Ein Gebäudedach der Europäischen Schule beherbergt seit kurzem eine große Photovoltaikanlage. Sie wird etwa 60.000 Kilowattstunden Sonnenstrom im Jahr erzeugen, dies reicht für die Versorgung von rund 20 Haushalten. „Angesichts der prognostizierten Auswirkungen des Klimawandels ist jeglicher Beitrag zum Klimaschutz sehr wertvoll“, betonte Erster Bürgermeister Siegfried König bei dem kleinen Festakt zur Inbetriebnahme, an dem auch die Grundschulkinder mitwirkten. „Das war das letzte Puzzlestück zur Komplettierung unseres Solarparks“, freute sich Harald Rosemann, Sprecher der Geschäftsführung der Stadtwerke Karlsruhe. Im Rahmen ihrer Solar-Initiative haben die Stadtwerke einen Anlagenpark mit mehreren hundert Kilowatt Leistung auf Dächern öffentlicher Gebäude in der Fächerstadt errichtet. Mit der zehnten Solaranlage auf dem Dach der Europäischen Schule ist der so genannte Solarpark I nun vollständig.
Die polykristallinen Solarzellen, die die Firma IGA TEC aus Waldsee auf dem Dach der „Oberschule“ montiert hat, haben zusammen eine Leistung von rund 63 Kilowatt. „Wir freuen uns, dass das Dach unseres Schulgebäudes so ideal für die solare Stromerzeugung genutzt werden kann und wir damit einen Beitrag zum Klimaschutz leisten können“, betonte Tom Høyem, Stadtrat und Direktor der Europäischen Schule. „Toll ist natürlich auch, wenn die Europäische Schule, die Stadtwerke und die Stadt Karlsruhe gemeinsam an Projekten beteiligt sind und so hervorragend zusammenarbeiten.“ Die Schule, die rund 1100 Schüler aus einer Vielzahl europäischer und nichteuropäischer Länder unterrichtet, hat bereits seit 2002 eine kleine Sonnenstrom-Anlage mit drei Kilowatt Leistung auf dem Dach. Damals hatte sie sich beim Projekt „Sonne in der Schule“ der Stadtwerke mit ihrem Umweltkonzept beworben und die Anlage gewonnen.

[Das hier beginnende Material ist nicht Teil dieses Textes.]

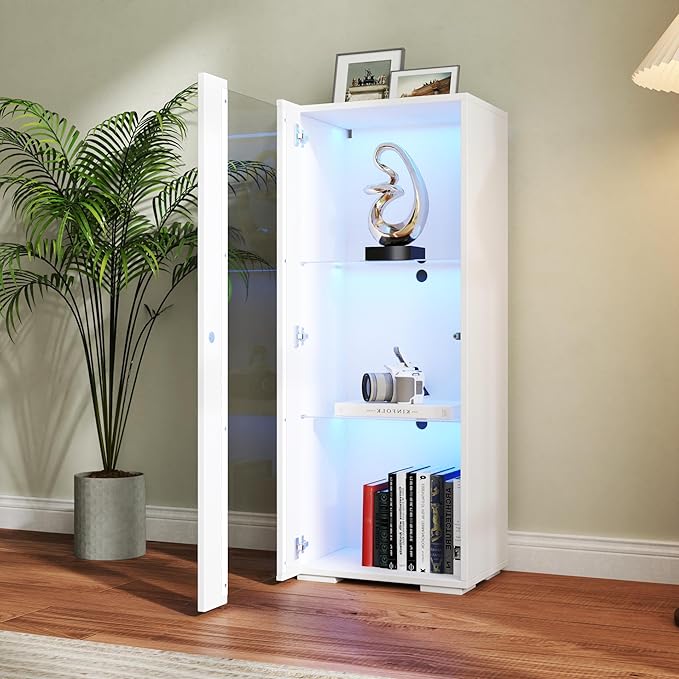 Pvillez 39" LED Display Cabinet with 3 Glass Shelves & 1 Door, Modern Wall-Mounted Curio Cabinet Display Case Storage Cabinet, High Gloss Floor Standing Bookshelf for Living Room Bedroom (White)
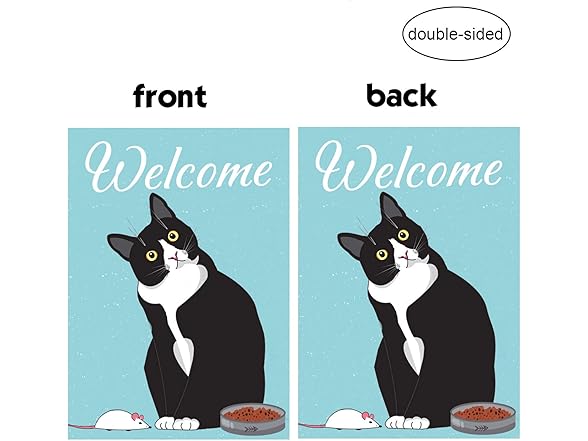 Black Cat Garden Flag 12x18 Welcome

Kerngedanke der Solar-Initiative der Stadtwerke ist, dass sich Karlsruher Bürger an den großen Anlagen beteiligen können. Mehr als 170 private Anteilseigner haben dieses Angebot wahrgenommen. „Unsere Vision, mit der Solar-Initiative eine wirkliche Bürger-Initiative zu schaffen, ist also gelungen“, betonte Dr. Karl Roth, Technischer Geschäftsführer der Stadtwerke. Und dieses Engagement für die Umwelt lohnt sich: In seiner Endausbaustufe hat der Solarpark I nun eine Leistung von 840 Kilowatt peak erreicht. Mit dem solar erzeugten Strom können rund 200 bis 300 Vier-Personen-Haushalte versorgt und jährlich rund 500 Tonnen Kohlendioxid eingespart werden. Da großes Interesse der Karlsruher Bevölkerung an einer Solarbeteiligung besteht, stellen die Stadtwerke derzeit Überlegungen an, einen „Solarpark II“ zu gründen.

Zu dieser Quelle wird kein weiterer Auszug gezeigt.